Here’s a little known fact: City of Ottawa taxpayers are the owners of 16 cemeteries scattered across the municipality and they have no say in how many more they’ll accumulate.

That’s because under provincial law, the municipality is the owner of last resort when a cemetery is abandoned.

Each of those cemeteries comes with an annual cost, since the city becomes its keeper. Workers cut the grass, trim the edges and perform minor repairs.

It’s a small hit to the budget. In 2016, the city paid $15,461.60 to take care of all 16 cemeteries.

Laila Gibbons, the city’s director of parks, forestry and stormwater services, said there are no records on the number of people buried at each cemetery.
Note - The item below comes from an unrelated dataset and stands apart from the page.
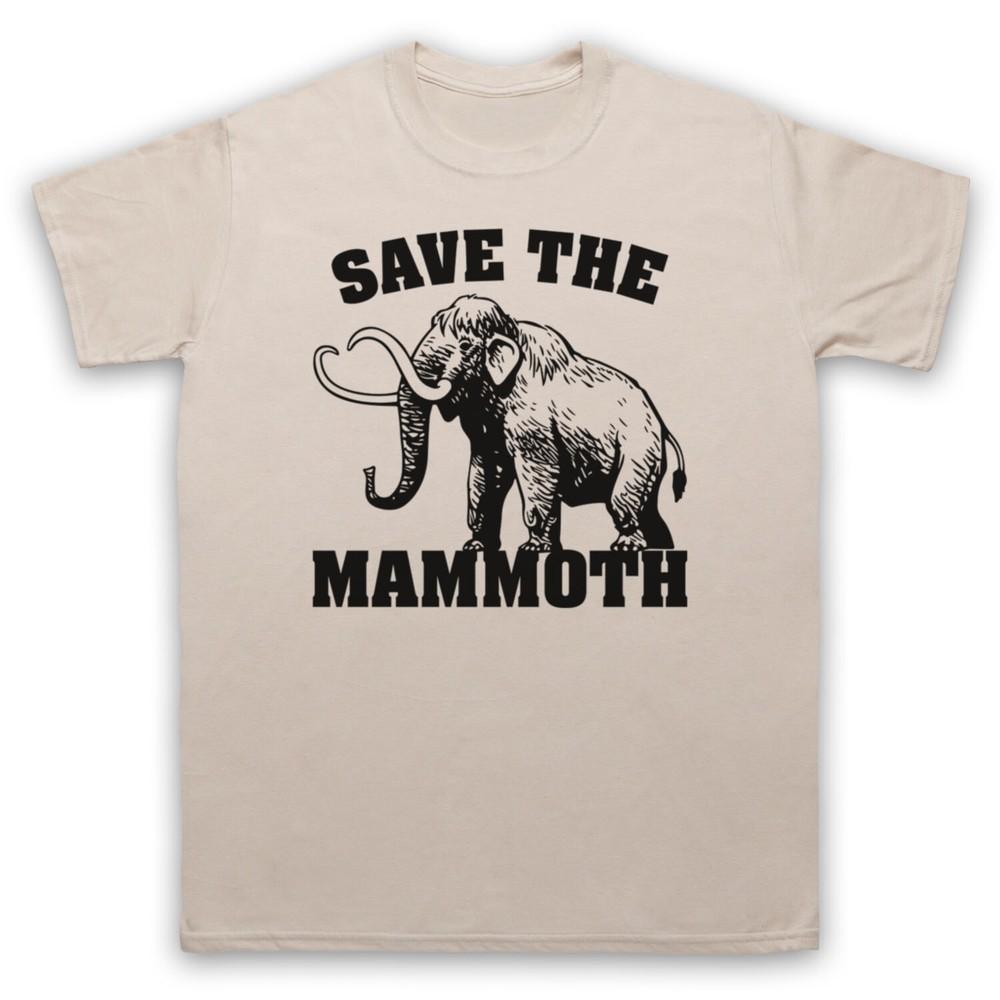 

Save The Mammoth Dinosaur Extinct Funny Parody Slogan Mens And Womens T-Shirt 2XL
According to Gibbons, the cemeteries aren’t available for new burials.

Many are old cemeteries with fading grave markers, and some, like the Landon Cemetery, are tiny.

A former United Church graveyard on Donnelly Road, west of Kemptville, is only about 12 paces wide and 30 paces deep. A rusted metal fence marks the border of the cemetery. Many of the tombstones have been reinforced with metal bars so they don’t topple.

Other cemeteries are hidden from the road.

A cemetery off Craighurst Drive in North Gower is along a grassy path, tucked behind three homes and enveloped by trees and a fence. The secluded location might be a ghoulish hangout; on one recent visit, there was an empty bottle of spiced rum, some pop cans, a chip bag, plastic baggies and a lighter strewn under a tree against the fence.

Old, abandoned cemeteries simply become greenspaces in the community after the gravediggers hang up their shovels for good.

Gravestones are piled in the tree line of a grassy patch of land near the western end of Rideau Road. It’s a collection of collapsed markers that once dotted this former Protestant cemetery.

It’s about the right size for a community park if the weathered tombstones weren’t there, but even though it’s not recreation space, it still cost the city a couple thousand dollars last year for regular maintenance.

On a warm October day, Martin Stone was on a riding lawn mower across the lane from the cemetery, cutting the grass around his home. The city is good at taking care of the cemetery grounds, said Stone, who moved to the neighbourhood in 1990.

Any hesitancy to moving across from a cemetery?

“The thing is, it’s quiet,” Stone said. “There’s nothing there.”

The closest city-owned cemetery to the central area is at the Billings Estate on Cabot Street, near Riverside Drive and Bank Street. The city says it’s one of Ottawa’s oldest community cemeteries. Graves date back to the 1820s.

The 15 other cemeteries are located in suburban and rural Ottawa.

In Claudette Cain Park along the east side of the Rideau River, near the Vimy Memorial Bridge, a small square cemetery is separated from the rest of the green space by a black fence.

The Moodie cemetery might be the most unusual since its embedded in a city park. It’s an odd landmark to come across on the multi-use path that snakes through the park, not far from a playground.

The city proposes to name the cemetery Moodie Family Cemetery. James Moodie, who immigrated from Scotland to the Ottawa area in 1840, bought land for a farm and a cemetery. The cemetery has been informally referred to as the Moodie cemetery in the community, so a council approval of the naming proposal later this year would make it official.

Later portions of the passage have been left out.